PENSAERT. “De beurs kan interessant zijn, maar er zijn vandaag veel meer financieringsmogelijkheden dan vroeger. Er staan heel veel investeerders met geld klaar. Kijk naar de opkomst van de family offices, die zich profileren als langetermijninvesteerders met kennis en bewezen ervaring van ondernemerschap. Ook private equity en venture capital blijven een alternatief, maar daar moet je rekening houden met de tijdshorizon van de investeerders. Risicokapitaalverschaffers willen doorgaans na vijf tot zeven jaar hun exit kunnen realiseren.”
Doordat veel geld beschikbaar is, worden fusies en overnames duur betaald. Welke zijn vandaag gangbare waarderingen?

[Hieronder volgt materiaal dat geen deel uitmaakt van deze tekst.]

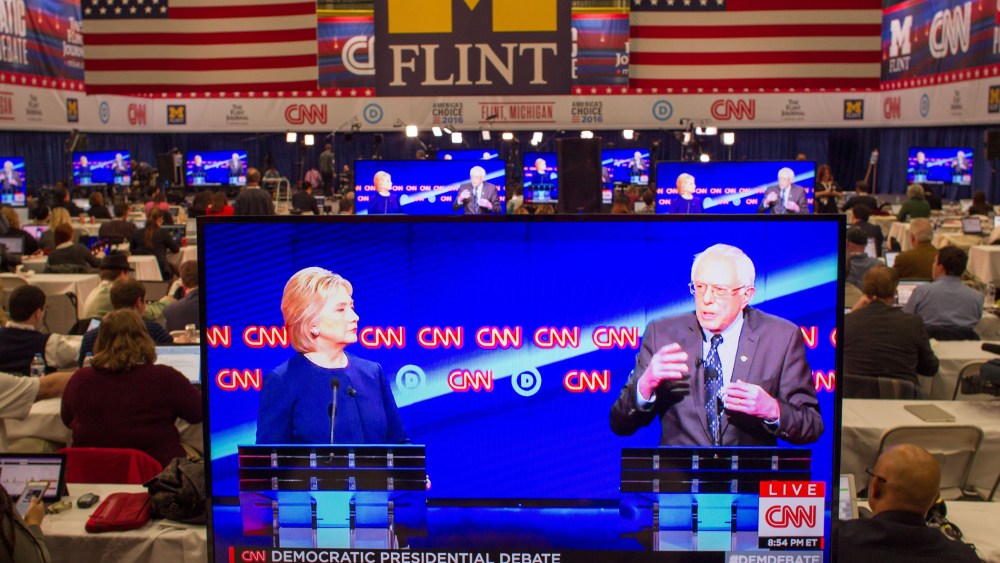 Journalists watch Democratic presidential candidates Hillary Clinton and Bernie Sanders debate on televisions in the media room at the University of Michigan in Flint, Mich. on March 6, 2016. (Photo by Geoff Robins/AFP/Getty)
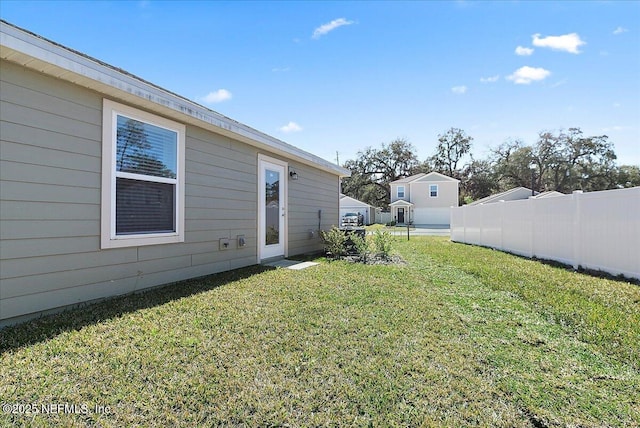 view of yard featuring fence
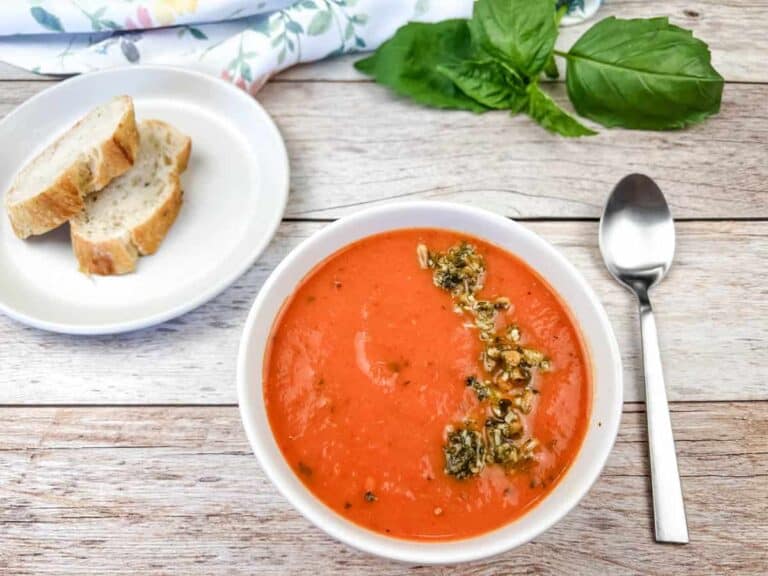 A bowl of red pepper and tomato soup next to a plate of bread and a spoon.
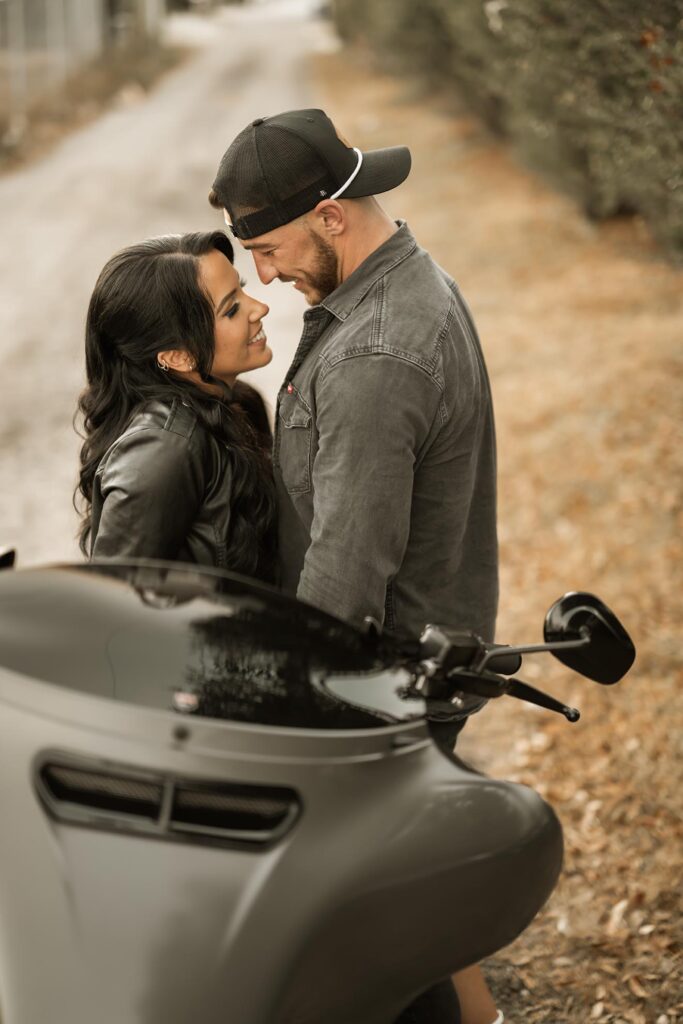 A man and woman stand close together smiling near a motorcycle on a path with dry leaves and bushes in the background.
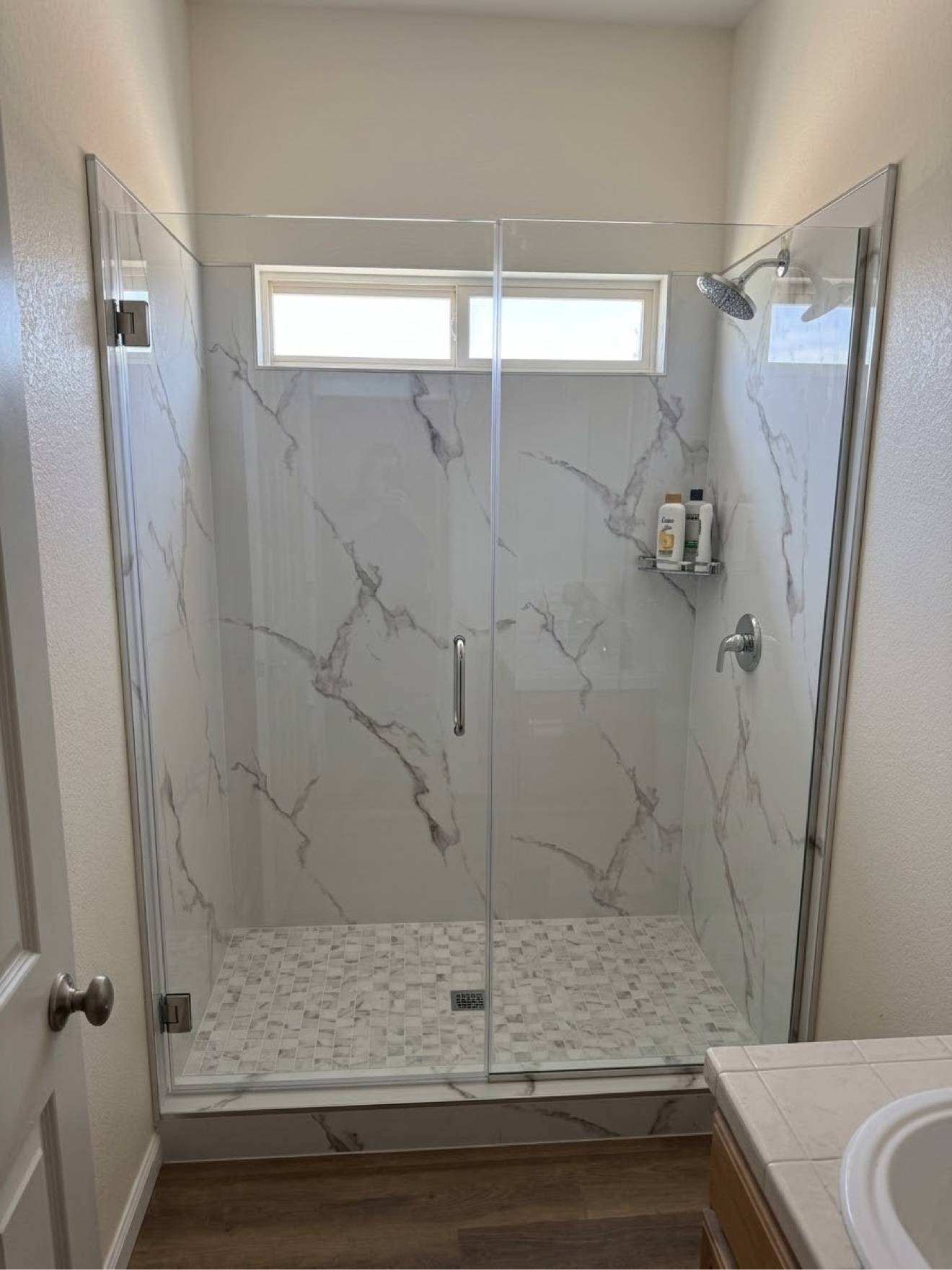 Finished walk-in shower with Pianello XL panels and frameless glass, Colorado Springs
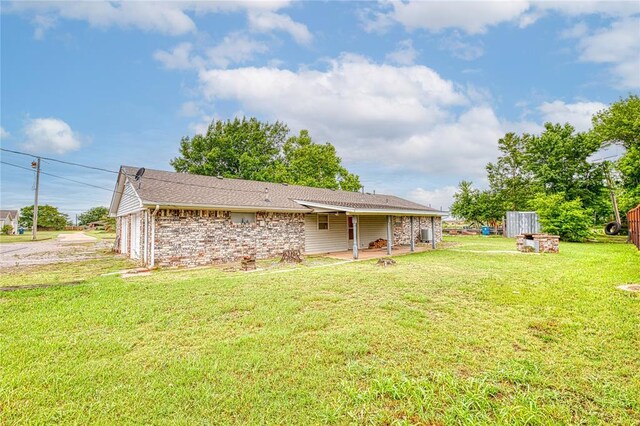 1319 N Cook, Cordell, OK 73632 - rear view of house featuring a patio, a yard, a shingled roof, and brick siding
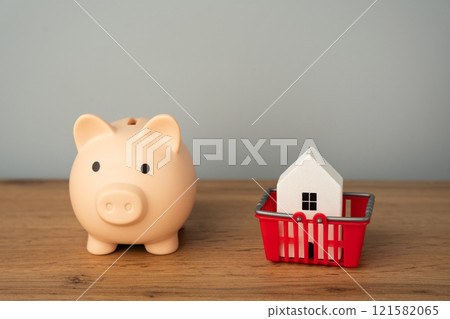 Piggy bank with house in shopping cart. Concept of buying, selling or renting a home. Mortgage, loan, real estate Piggy bank with house in shopping cart. Concept of buying, selling or renting a home. Mortgage, loan, real estate 121582065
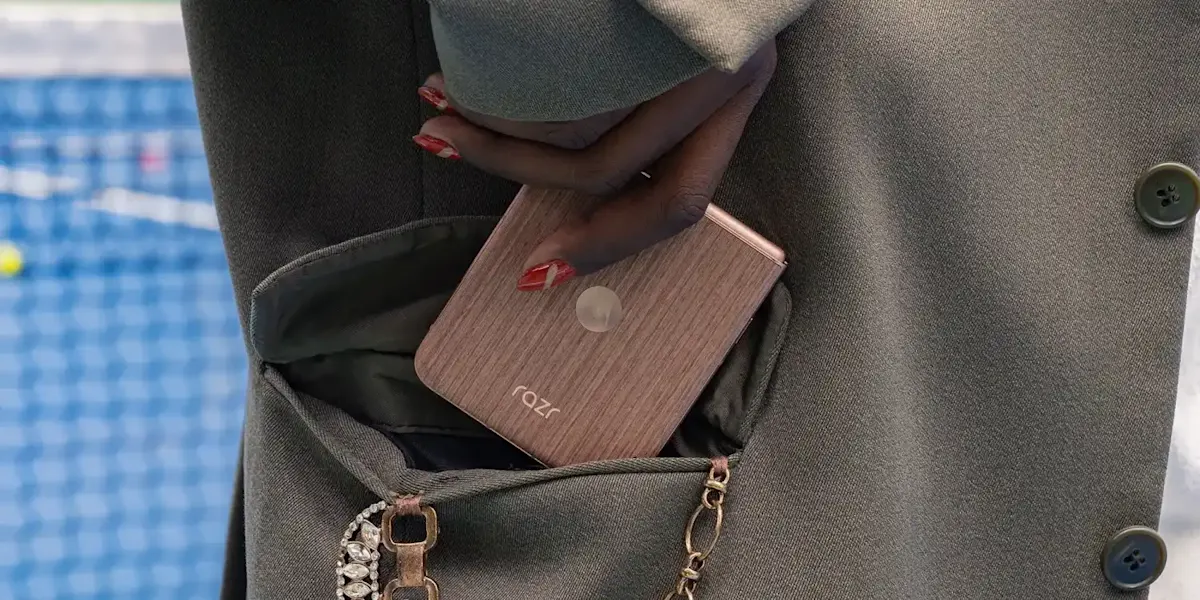Una mano con unghie rosse infila un telefono Razr marrone nella tasca di una giacca verde oliva. Sullo sfondo, una rete blu.
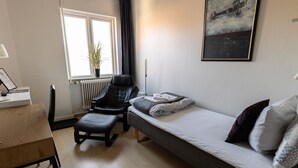 A compact room with a bed, a desk, a chair, and a radiator. - Hotel Rønne H (Ronne)
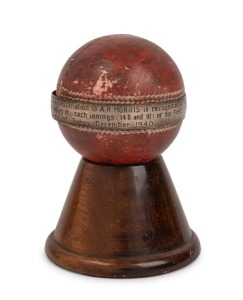 ARTHUR MORRIS: Mounted presentation cricket ball with a sterling silver ring engraved "PRESENTED BY NEW SOUTH WALES Cricket Associated To A. R. MORRIS in Recognition of His World's Record Performance, a Century in Each Innings (146 and 111) of His 1st Class Match, N.S.W. v. Queensland, Sydney, December, 1940." 12cm high overall.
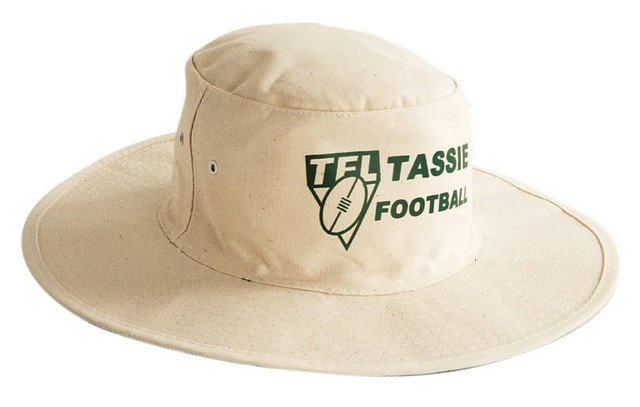 A beige canvas hat with a broad brim and a logo on the front.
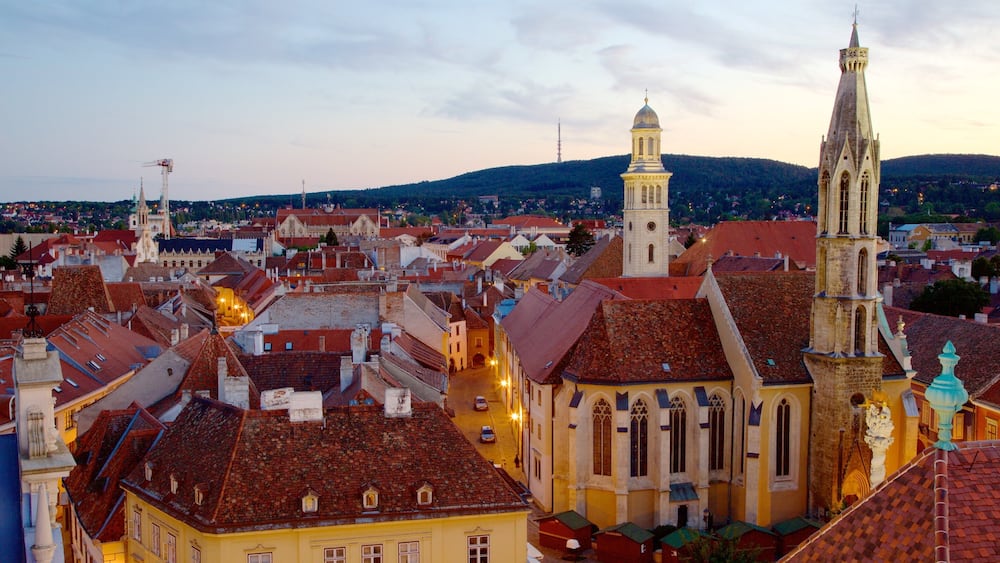 A historic town with red-tiled roofs, a prominent church with a tall spire, and a clock tower.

PENSAERT. “The old 8 is the new 12 geworden, hoor je vaak zeggen. Terwijl vroeger acht keer de bedrijfscashflow de gangbare parameter was, betaalt men nu gemakkelijk tot twaalf keer de bedrijfscashflow voor een goed bedrijf. Bovendien zijn, naast private-equityspelers, ook bedrijven almaar meer bereid die multiple te betalen. Terwijl ondernemingen vroeger voorzichtiger waren dan risicokapitaalverschaffers. Veel ondernemingen zitten op een berg cash. Een aantal van hen heeft jarenlang eigen aandelen ingekocht om de waarde op te drijven. Op een gegeven moment kom je echter op een punt dat de aandeelhouders vinden dat je écht moet investeren.”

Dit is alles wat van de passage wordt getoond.